◆ **SOURCE DATA**:
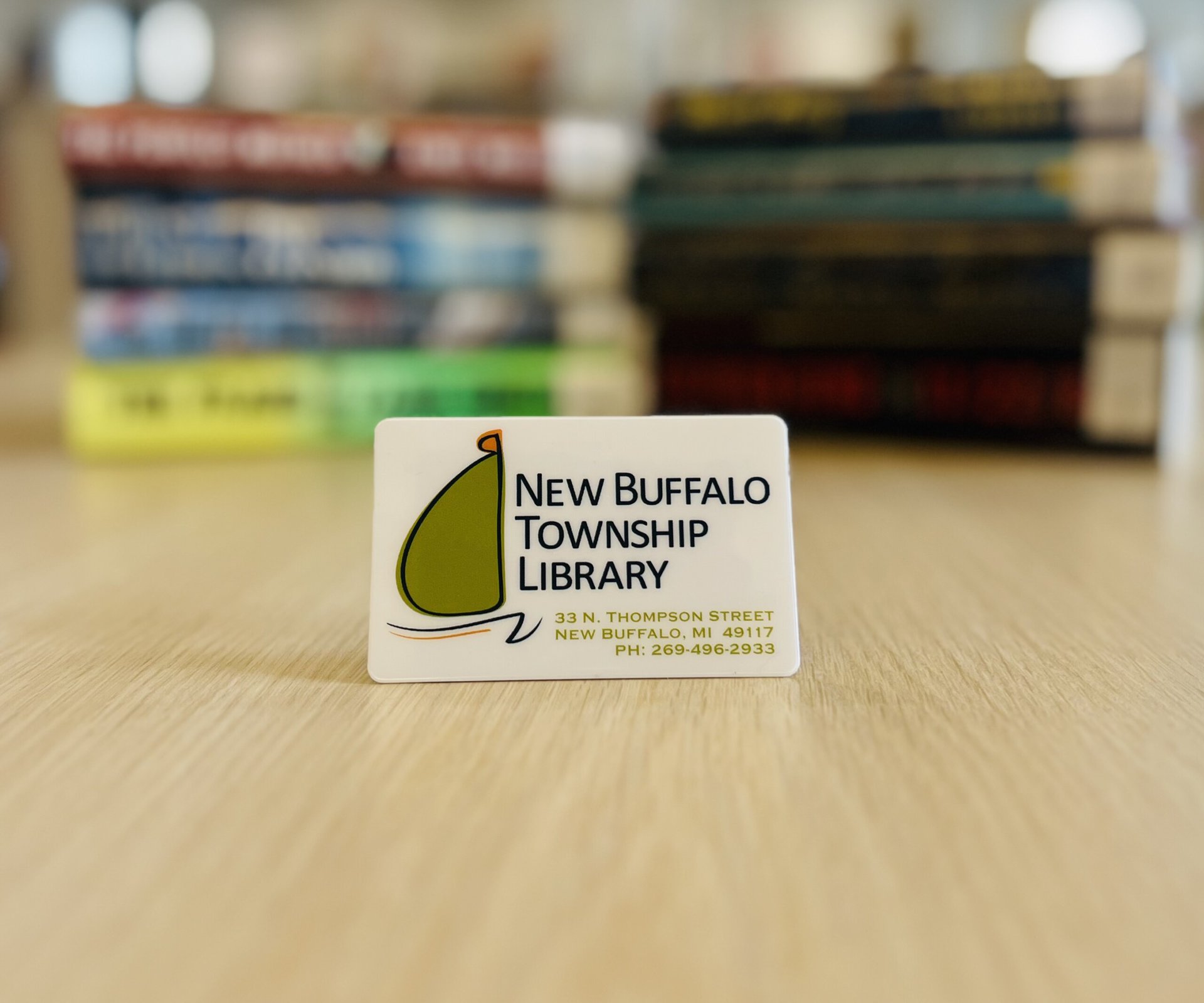 Picture of a New Buffalo Township Library Card on a beige tables, with two stacks of books blurred in the background
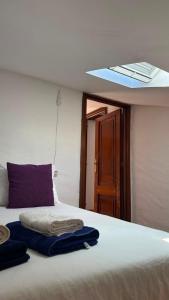 a bed with towels on it with a ceiling at A Casa do Peregrino in A Guarda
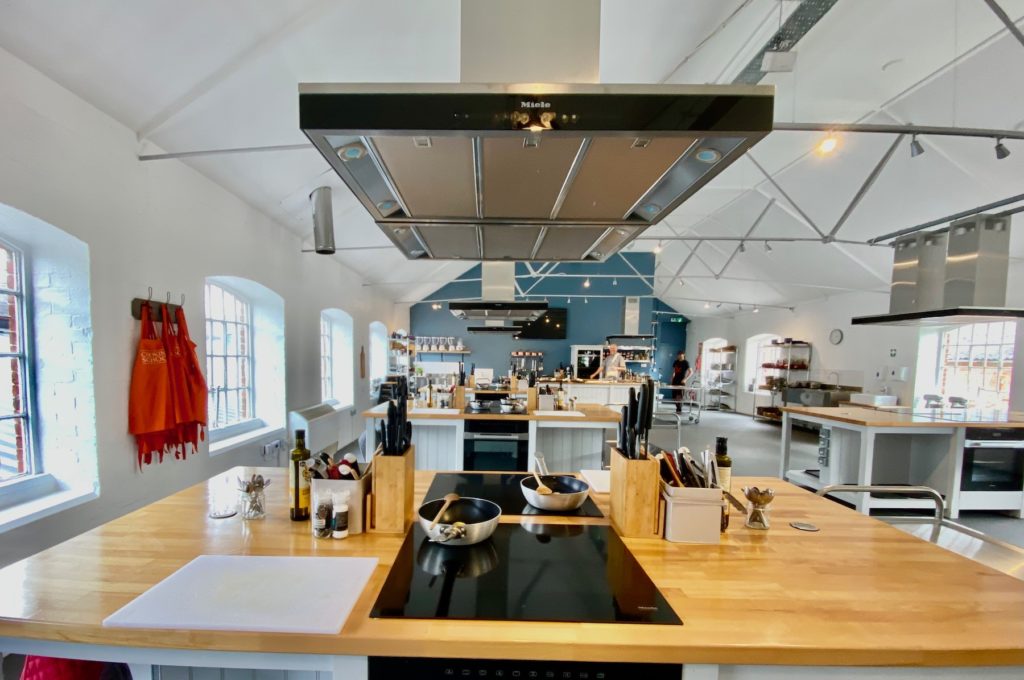 Modern kitchen venue for culinary events and workshops with professional appliances.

◆ **HOW TO COMPLETE THIS TASK**: Output an exact copy of the material, with the pictures removed.

◆ **ANSWER FOR THE TASK**:
 Picture of a New Buffalo Township Library Card on a beige tables, with two stacks of books blurred in the background
 a bed with towels on it with a ceiling at A Casa do Peregrino in A Guarda
 Modern kitchen venue for culinary events and workshops with professional appliances.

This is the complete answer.